** Opening DATA SHOWN block **

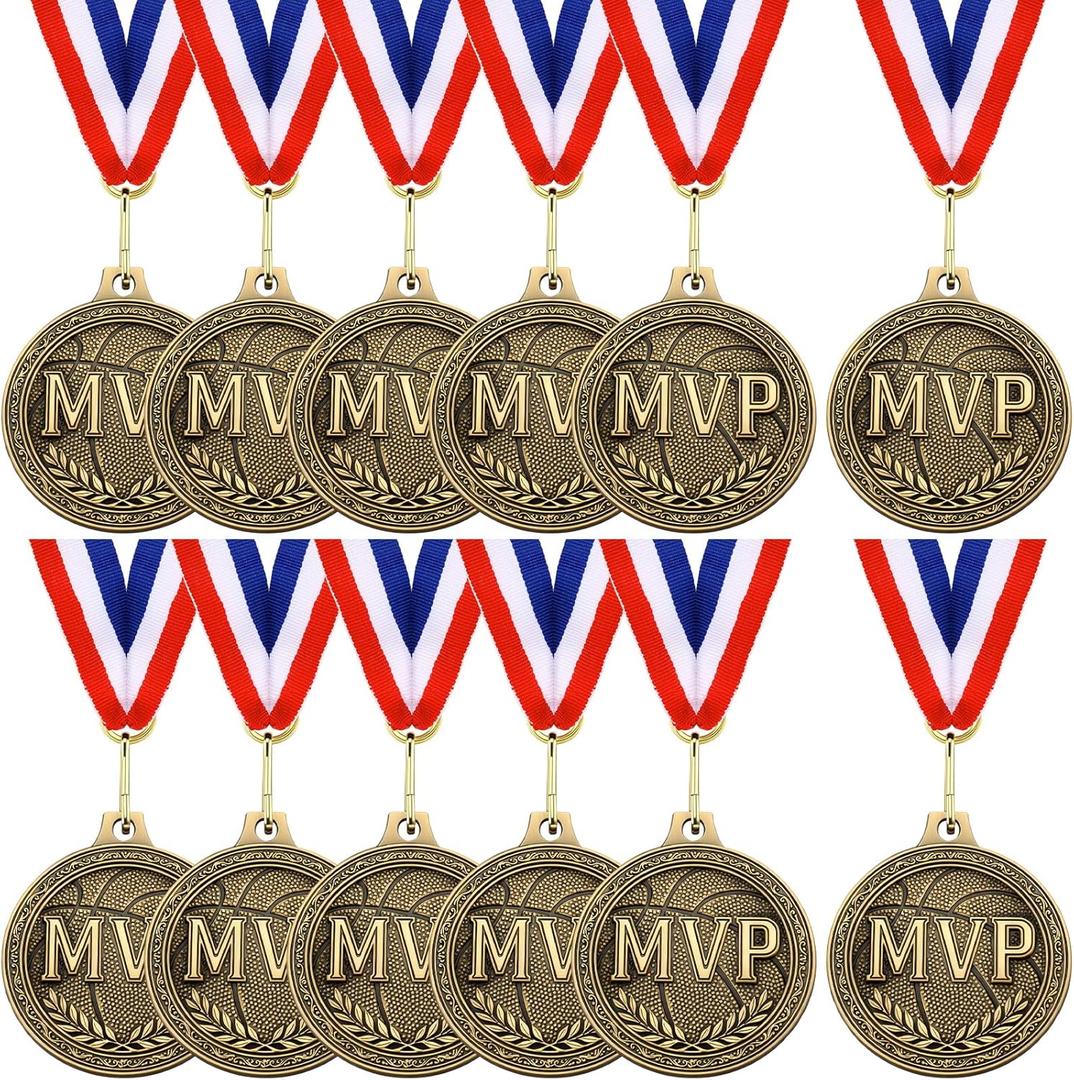 Kenning 12 Pack Basketball Trophy Gold Medals Award for Team 2 Inch Zinc Alloy with Neck Ribbons, MVP Champion Awards Medals for Team Sports and Basketball Competitions Party Favors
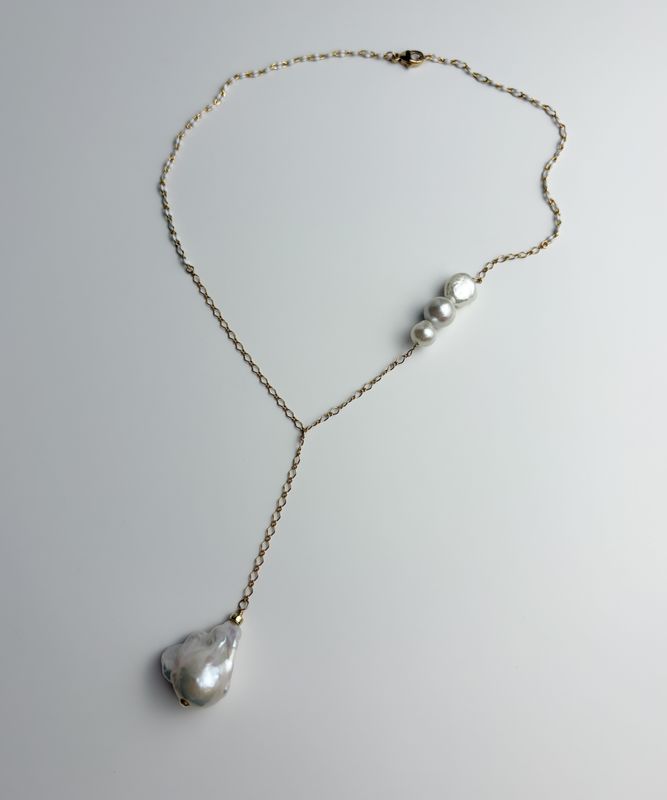 Large Baroque with Enamel Beading Necklace Gold-Filled
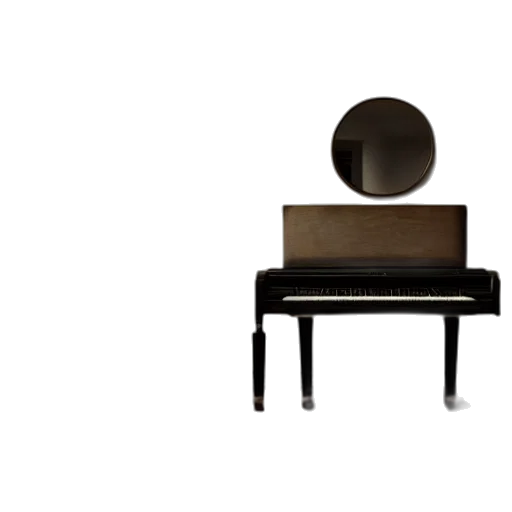 furniture, 3d render, photorealistic, concept art, earth tones, dark, monochrome, piano transparent PNG cut-out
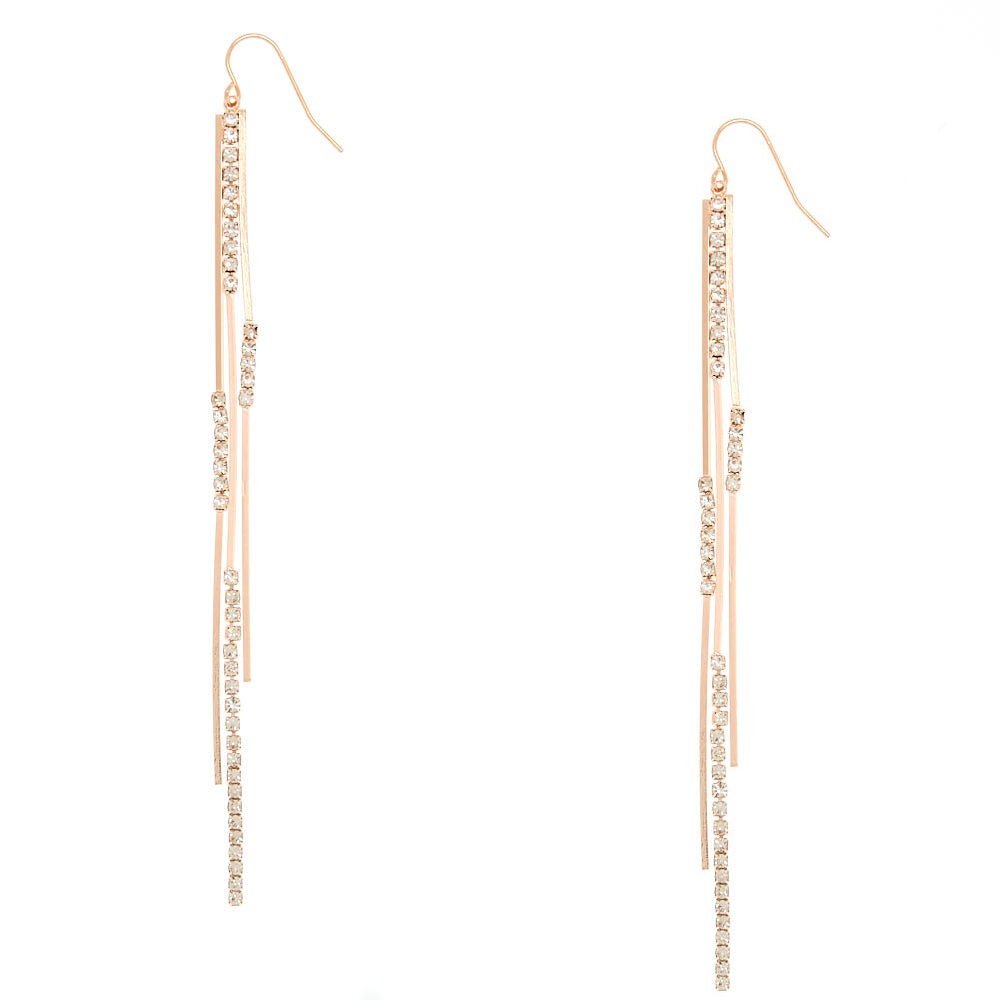 Rose Gold Glass Rhinestone Bar Drop Earrings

** Closing DATA SHOWN block **

* WORK INSTRUCTION
Every last line above must be reproduced as written, and no pictures belong in the copy.

* RESPONSE FOR THIS EXERCISE
 Kenning 12 Pack Basketball Trophy Gold Medals Award for Team 2 Inch Zinc Alloy with Neck Ribbons, MVP Champion Awards Medals for Team Sports and Basketball Competitions Party Favors
 Large Baroque with Enamel Beading Necklace Gold-Filled
 furniture, 3d render, photorealistic, concept art, earth tones, dark, monochrome, piano transparent PNG cut-out
 Rose Gold Glass Rhinestone Bar Drop Earrings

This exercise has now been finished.